* To do
From the entries below, print exactly the span beginning with the line holding "DC COMICS TUMBLER GLASSES SET" and ending with the line holding "FEA2FFD 折りたたみ式ワゴン", endpoints included, and skip any pictures.

------ Stored data

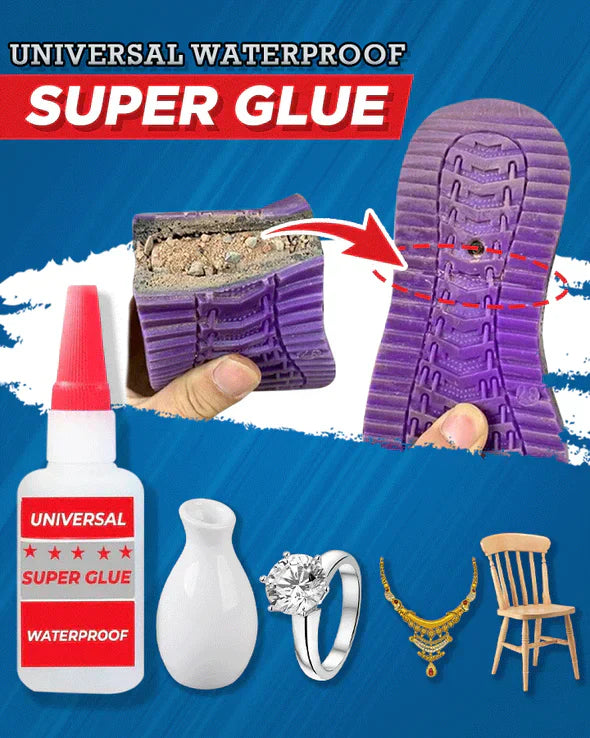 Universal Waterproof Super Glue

------------
------ Stored data

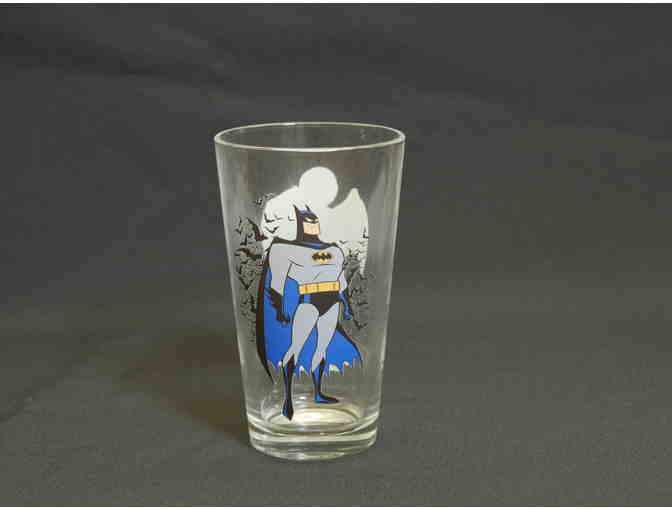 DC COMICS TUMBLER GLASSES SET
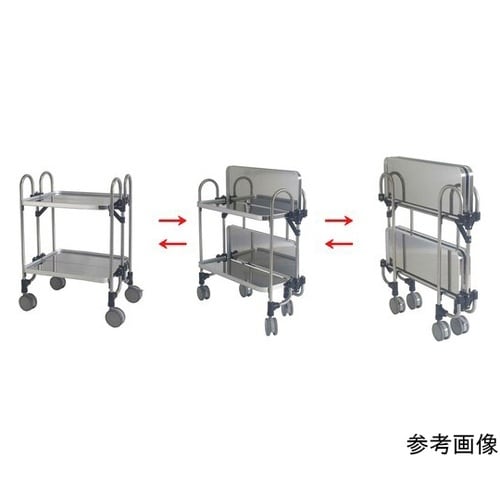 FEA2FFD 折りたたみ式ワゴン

------------

* Task output
 DC COMICS TUMBLER GLASSES SET
 FEA2FFD 折りたたみ式ワゴン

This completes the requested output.